C'è una costante in quest'anno con Francesco, che spiega molte cose del suo Pontificato. L'attenzione alla parresia, come etica della verità, dell'adeguazione delle parole che si dicono alle cose che si fanno; a non farle restare nei "sepolcri imbiancati" della retorica; strategica o d'occasione, dello spazio politico, pubblico, o dell'occorrenza quotidiana, privata. Un'etica della verità che è anche pedagogia, magistero morale. In senso quasi del Foucault del corso al Collège de France, su Il governo di sé e degli altri: "La parresia è un atto direttamente politico che viene esercitato davanti all'Assemblea, o davanti al capo, o davanti al governante, o davanti al sovrano, o davanti al tiranno [...] È un atto politico, ma sotto un altro aspetto, la parresia [...], è anche un modo di parlare a un individuo, all'anima di un individuo: un atto che riguarda la maniera in cui quest'anima verrà formata". 

Tra i tanti momenti di questo esercizio di parresia di Francesco in quest'anno, ne vorrei richiamare, per il suo rilievo non del tutto recepito, uno: due omelie, a ridosso di una visita al Quirinale, nel novembre dello scorso anno, sul tema della corruzione, e sulla differenza tra scandalo e peccato. "Putredine verniciata: questa è la vita del corrotto", chi dà scandalo e non si pente. Così titolarono i media i report delle parole del Papa. I sepolcri imbiancati che professano un cristianesimo che non praticano, e fanno tanto male non solo agli altri, ma alla Chiesa. Cristiani corrotti, preti corrotti. Chi non ha nemmeno l'umiltà del peccatore che si sente tale, e si affida al perdono, provando e magari riprovando dal peccato a venir fuori. Raramente era stata denunciata con tanta forza da un Papa la doppiezza di un cristianesimo di facciata. E già sarebbe tanto. 

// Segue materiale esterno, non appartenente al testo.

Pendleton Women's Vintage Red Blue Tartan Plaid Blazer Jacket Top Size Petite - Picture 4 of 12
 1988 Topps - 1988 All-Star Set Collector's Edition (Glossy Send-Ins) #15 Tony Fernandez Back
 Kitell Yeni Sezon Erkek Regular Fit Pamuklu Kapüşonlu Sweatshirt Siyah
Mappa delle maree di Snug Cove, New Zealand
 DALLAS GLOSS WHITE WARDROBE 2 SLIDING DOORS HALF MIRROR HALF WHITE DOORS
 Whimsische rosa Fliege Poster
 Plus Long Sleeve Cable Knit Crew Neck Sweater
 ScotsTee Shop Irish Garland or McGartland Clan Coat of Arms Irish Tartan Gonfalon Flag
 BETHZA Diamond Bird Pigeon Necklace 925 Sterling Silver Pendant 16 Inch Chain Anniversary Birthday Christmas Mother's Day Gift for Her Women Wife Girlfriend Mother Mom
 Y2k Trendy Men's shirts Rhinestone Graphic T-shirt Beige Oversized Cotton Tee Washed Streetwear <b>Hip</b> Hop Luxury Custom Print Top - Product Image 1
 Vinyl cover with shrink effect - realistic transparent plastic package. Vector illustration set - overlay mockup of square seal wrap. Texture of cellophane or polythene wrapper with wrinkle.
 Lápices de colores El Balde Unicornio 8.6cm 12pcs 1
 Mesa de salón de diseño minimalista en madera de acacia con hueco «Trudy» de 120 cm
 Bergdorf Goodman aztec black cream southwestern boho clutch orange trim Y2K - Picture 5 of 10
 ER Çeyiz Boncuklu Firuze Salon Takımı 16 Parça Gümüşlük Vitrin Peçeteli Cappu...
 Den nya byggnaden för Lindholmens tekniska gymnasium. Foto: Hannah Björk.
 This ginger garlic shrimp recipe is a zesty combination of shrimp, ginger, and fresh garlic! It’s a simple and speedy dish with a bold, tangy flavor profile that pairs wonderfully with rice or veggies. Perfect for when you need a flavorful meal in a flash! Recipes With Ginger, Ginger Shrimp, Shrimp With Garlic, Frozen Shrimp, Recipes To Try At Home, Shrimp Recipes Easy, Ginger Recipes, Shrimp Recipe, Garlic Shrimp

Ma di questi due interventi di Francesco che avevano a tema la corruzione pubblica e il furto allo Stato, che è furto ai più deboli, ai poveri, vorrei oggi richiamare qualcosa che mi sembra un breve, un seme di enciclica sociale in nuce assolutamente rivoluzionario, non pienamente notato. Una reinterpretazione, cioè, del "date a Cesare quel che è di Cesare" e "a Dio quel che è di Dio", che non è sotto il segno di una mera separazione di sfere di diritto e di influenza tra la "città di Dio" e la "città degli uomini", bensì di una loro cooperazione solidale in un'economia della salvezza dell'umano che con l'annuncio di Cristo comincia da subito, già da qui, dalle difficoltà materiali delle periferie del mondo, così care a Francesco; che magari abbiamo sotto casa, e che l'obolo privato non accompagnato da pubblica rettitudine offende ben più di quanto sovviene.